When fathers refuse to live the lives of their children for them, new and unexpected vistas open up. Every child is the bearer of a unique mystery that can only be brought to light with the help of a father who respects that child’s freedom. A father who realizes that he is most a father and educator at the point when he becomes “useless”, when he sees that his child has become independent and can walk the paths of life unaccompanied. When he becomes like Joseph, who always knew that his child was not his own but had merely been entrusted to his care. In the end, this is what Jesus would have us understand when he says: “Call no man your father on earth, for you have one Father, who is in heaven” (Mt 23:9).
In every exercise of our fatherhood, we should always keep in mind that it has nothing to do with possession, but is rather a “sign” pointing to a greater fatherhood.
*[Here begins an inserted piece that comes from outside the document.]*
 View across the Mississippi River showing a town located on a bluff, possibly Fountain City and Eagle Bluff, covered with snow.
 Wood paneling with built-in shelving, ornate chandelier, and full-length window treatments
In a way, we are all like Joseph: a shadow of the heavenly Father, who “makes his sun rise on the evil and on the good, and sends rain on the just and on the unjust” (Mt 5:45). And a shadow that follows his Son.
* * *
“Get up, take the child and his mother” (Mt 2:13), God told Saint Joseph.
The aim of this Apostolic Letter is to increase our love for this great saint, to encourage us to implore his intercession and to imitate his virtues and his zeal.
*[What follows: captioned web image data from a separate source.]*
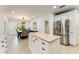 Well-lit kitchen featuring stainless steel appliances and a central island with seating at 4852 Peregrine Point N Cir, Sarasota, FL 34231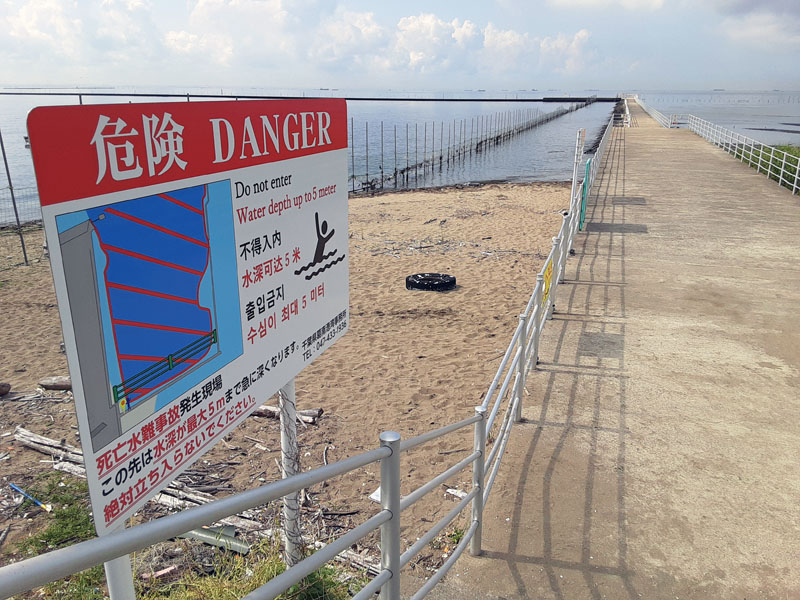 砂浜に立てられた「危険」の立て看板＝２日午前８時半ごろ、船橋市潮見町周辺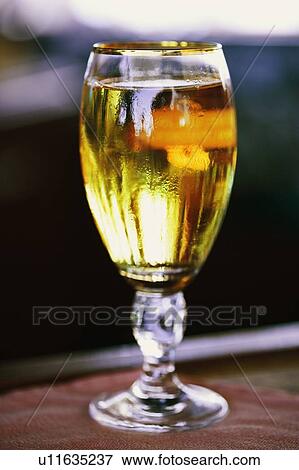 Stock Photo - Close-up of a glass of white wine. Fotosearch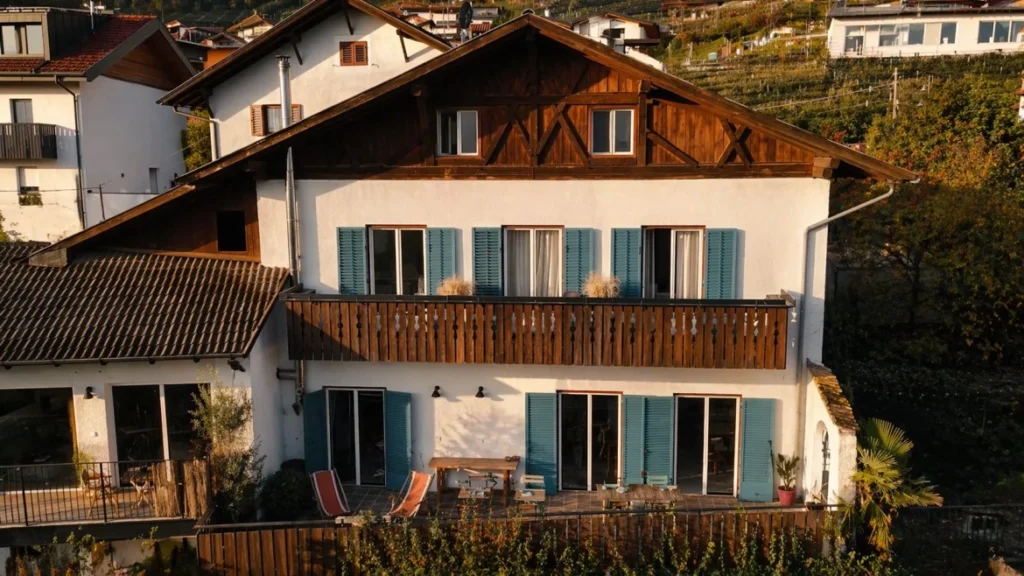 Franz & Mathilde coliving house in Bolzano with alpine architecture and shared outdoor terrace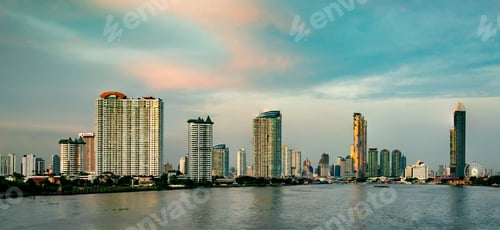 Preview: Cityscape of modern building near the river in the morning. Modern architecture office building.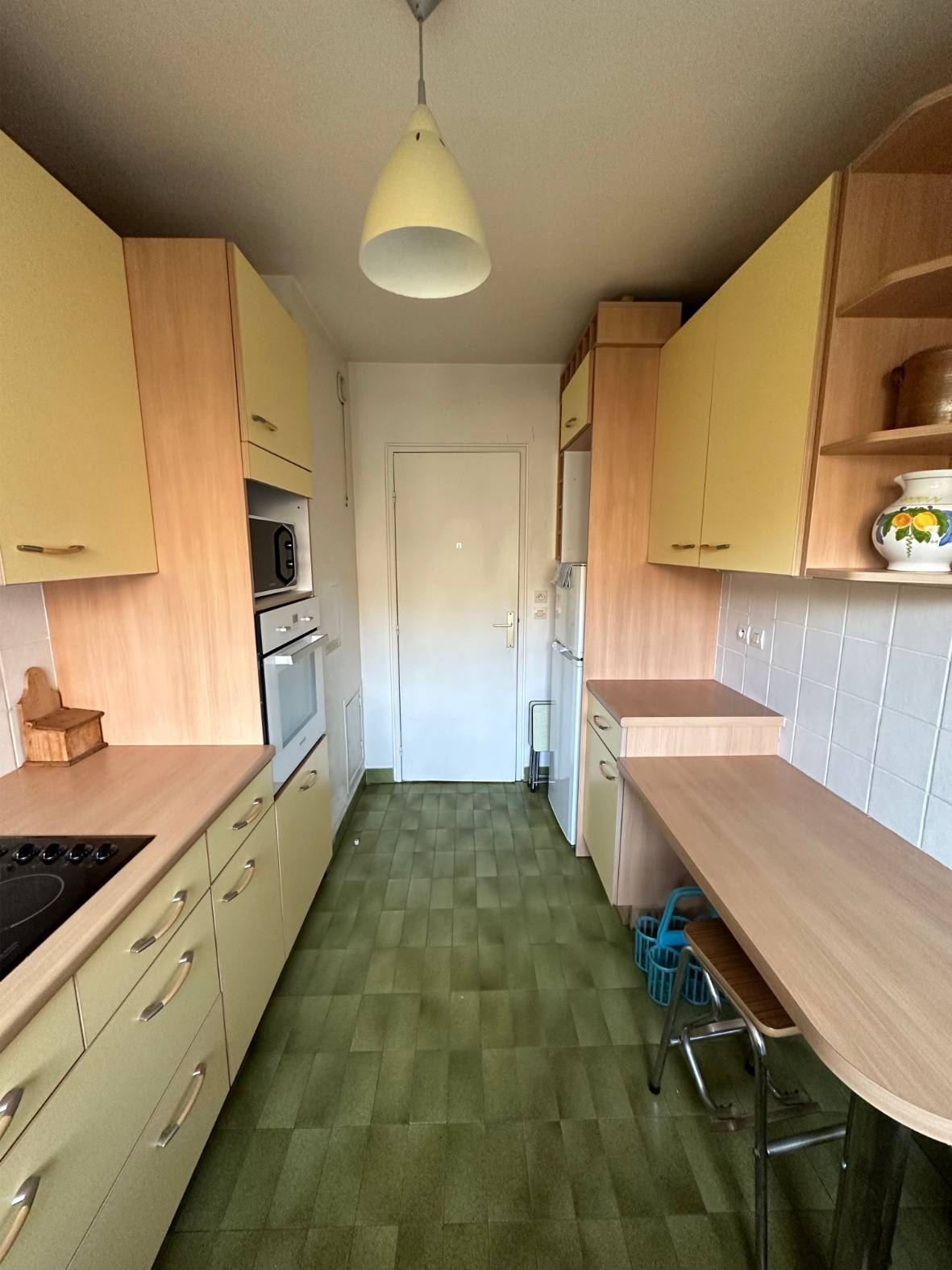 Une petite cuisine étroite avec des armoires couleur bois et un sol vert.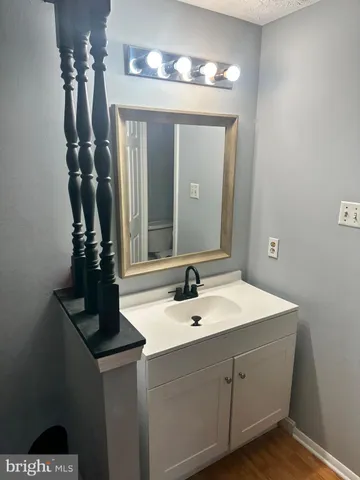 a white toilet sitting next to a shower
Indeed, the proper mission of the saints is not only to obtain miracles and graces, but to intercede for us before God, like Abraham and Moses, and like Jesus, the “one mediator” (1 Tim 2:5), who is our “advocate” with the Father (1 Jn 2:1) and who “always lives to make intercession for [us]” (Heb 7:25; cf. Rom 8:34).
The saints help all the faithful “to strive for the holiness and the perfection of their particular state of life”. Their lives are concrete proof that it is possible to put the Gospel into practice.
Jesus told us: “Learn from me, for I am gentle and lowly in heart” (Mt 11:29). The lives of the saints too are examples to be imitated. Saint Paul explicitly says this: “Be imitators of me!” (1 Cor 4:16). By his eloquent silence, Saint Joseph says the same.
Before the example of so many holy men and women, Saint Augustine asked himself: “What they could do, can you not also do?” And so he drew closer to his definitive conversion, when he could exclaim: “Late have I loved you, Beauty ever ancient, ever new!”
We need only ask Saint Joseph for the grace of graces: our conversion.
Let us now make our prayer to him:
Hail, Guardian of the Redeemer,
Spouse of the Blessed Virgin Mary.
To you God entrusted his only Son; in you Mary placed her trust; with you Christ became man.
Blessed Joseph, to us too, show yourself a father and guide us in the path of life.
Obtain for us grace, mercy and courage, and defend us from every evil. Amen.
Given in Rome, at Saint John Lateran, on 8 December, Solemnity of the Immaculate Conception of the Blessed Virgin Mary, in the year 2020, the eighth of my Pontificate.